Projektarbeiten wie diese, erklären die beiden, sind im Studiengang Mensch-Technik-Interaktion ab dem 3. Semester vorgesehen und fester Bestandteil des Studiums. Dieser gelebte Praxisbezug unterscheide den Studiengang MTI von

anderen Studiengängen, vor allem im Vergleich zur Uni, führt Niklas aus, der sein Glück zunächst in der BWL suchte und schließlich an die Hochschule wechselte. Birte stimmt dem zu und erläutert, dass man über Projektarbeit in so viele unterschiedliche Bereiche blicken könne: „MTI ist wirklich in allen Lebensbereichen zu finden und das ist auch das Spannende daran.
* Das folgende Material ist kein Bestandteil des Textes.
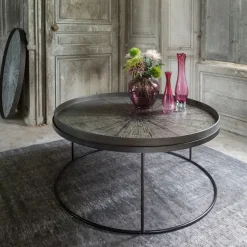 Plateau En Bois Black Slide - O 92 Cm-Ethnicraft Online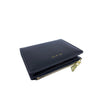 Mel&Co Saffiano-Effect Bifold Compact Snap Wallet Black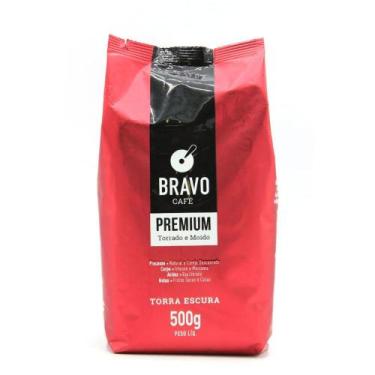 Imagem de Café Bravo Torrado e Moído Premium 500g - Bravo Café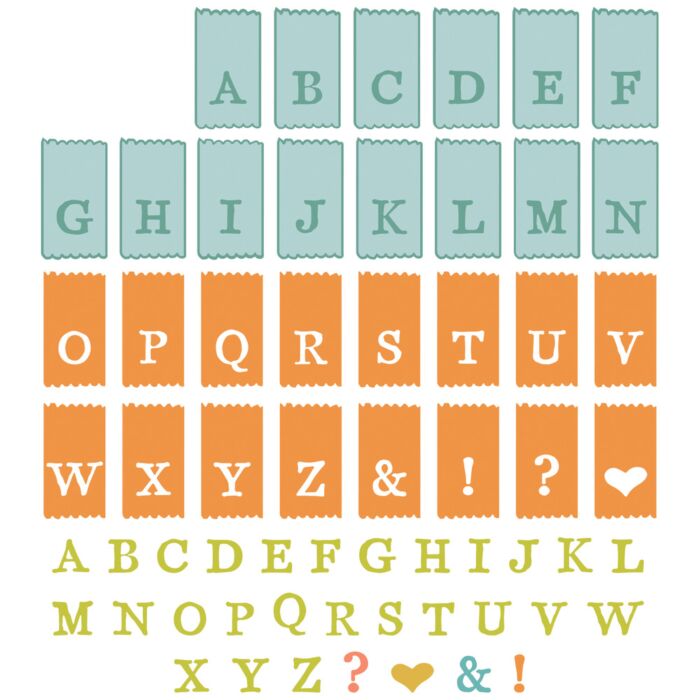 Sizzix 49 and Market Framelits Die Set w/Stamps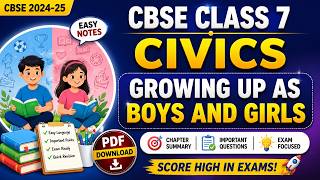 CBSE Class 7 Civics Growing Up as Boys and Girls Notes PDF Download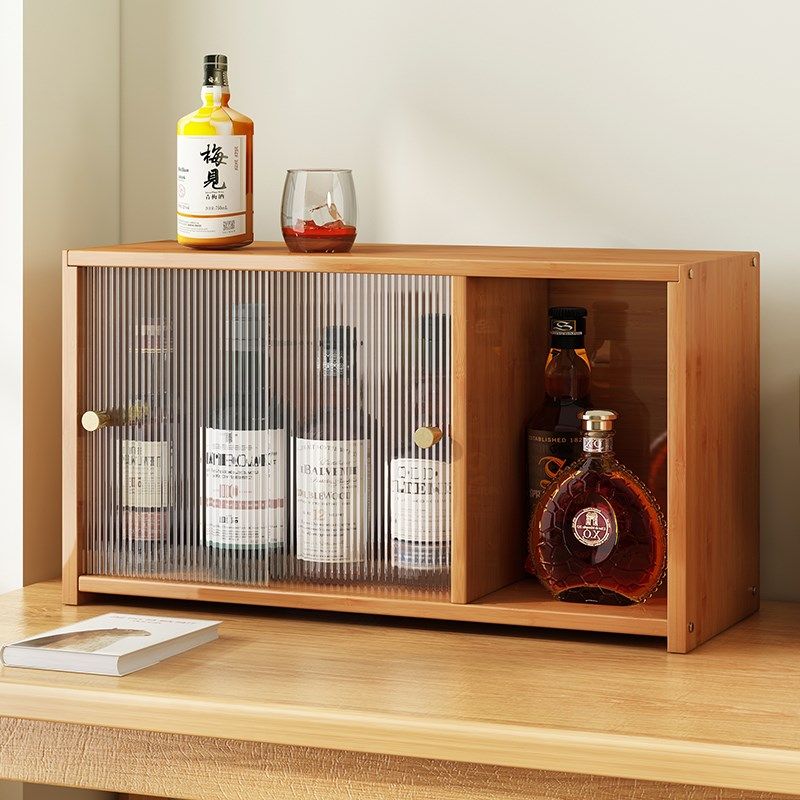 酒柜展示柜桌面小型防尘杯架置物架家用非实木靠墙酒架子2024新款,淘宝优惠券,粉丝福利购,淘宝优惠卷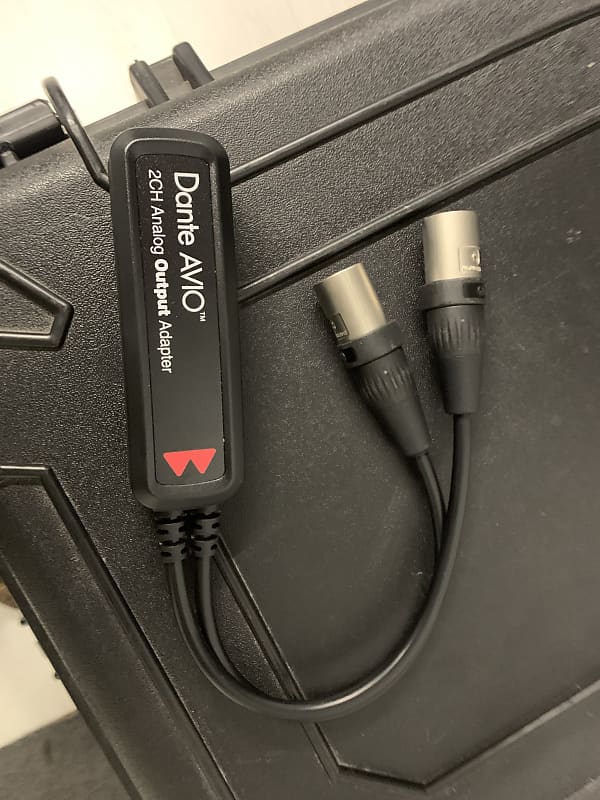Dante avio analog output adapter 0x2 reverb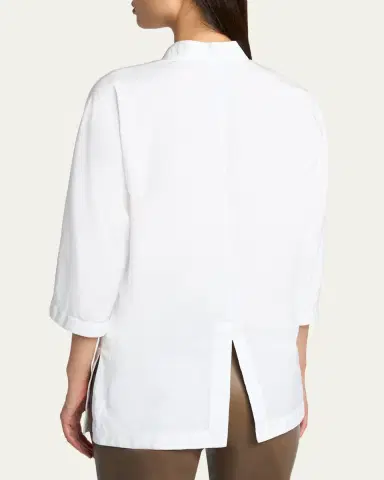 Giorgio Armani Cotton Poplin Button-Down Shirt | Thumbnail 3 Giorgio Armani Cotton Poplin Button-Down Shirt | Thumbnail 3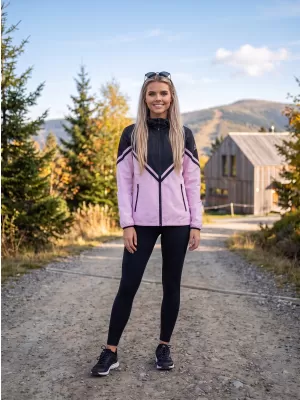 Ženska vrhunska softshell jakna ALTISPORT VOJ/ALW101JACK01 ROŽNATO ČRNA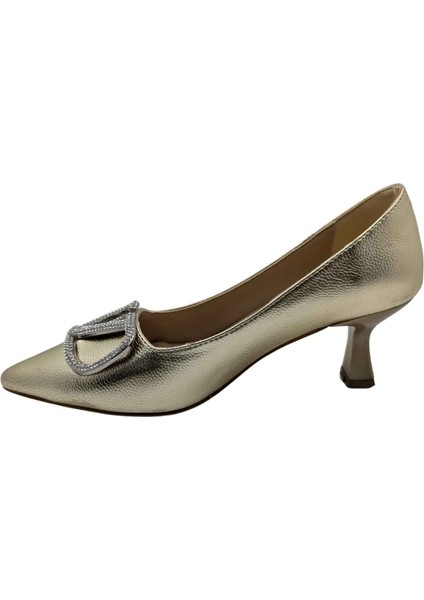 Serenova Kadın Suni Deri Stiletto Ayakkabı - Serenova - Copper - 40 fiyatları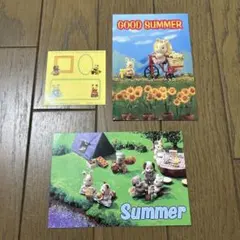 シルバニアファミリー ポストカード シール セット 夏 暑中見舞い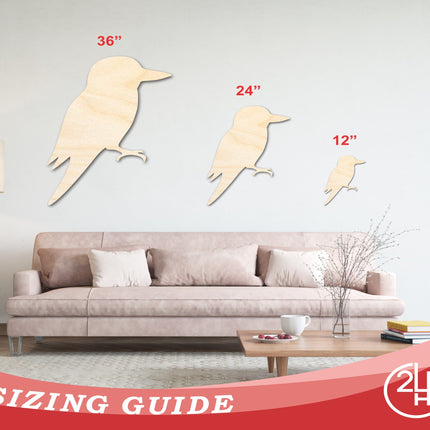 Unfinished Wood Kookaburra Shape - Craft - up to 46" DIY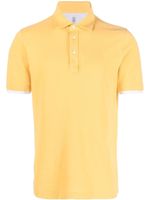 Brunello Cucinelli polo à design superposé - Jaune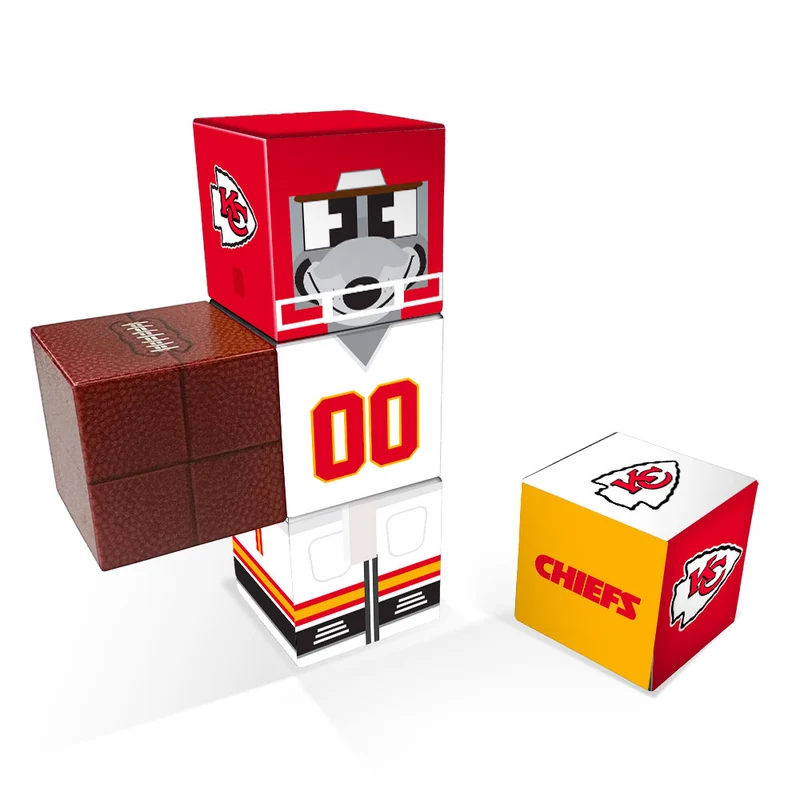 Kansas City Chiefs Magnetic Qubees Fidget Building Cubes Away Jersey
Mir fällt kein Sektor ein, wo MTI nicht wichtig wäre, denn überall spielen Technik und Digitalisierung eine Rolle.“ Um Mensch-Technik-Interaktion zu studieren, müsse man auch kein Befürworter neuster Technik sein. Viel wichtiger sei es, kritisch zu hinterfragen und technische Lösungen aus der Perspektive verschiedener Disziplinen zu analysieren. Die Fähigkeit, einen multiperspektivischen Blick auf die Dinge zu entwickeln, stehe immer im Mittelpunkt des Studiums. Daher werden die Gebiete Psychologie, Naturwissenschaft, Technik und Sozialwissenschaften gelehrt und fachübergreifende Zusammenarbeit werde stets angestrebt.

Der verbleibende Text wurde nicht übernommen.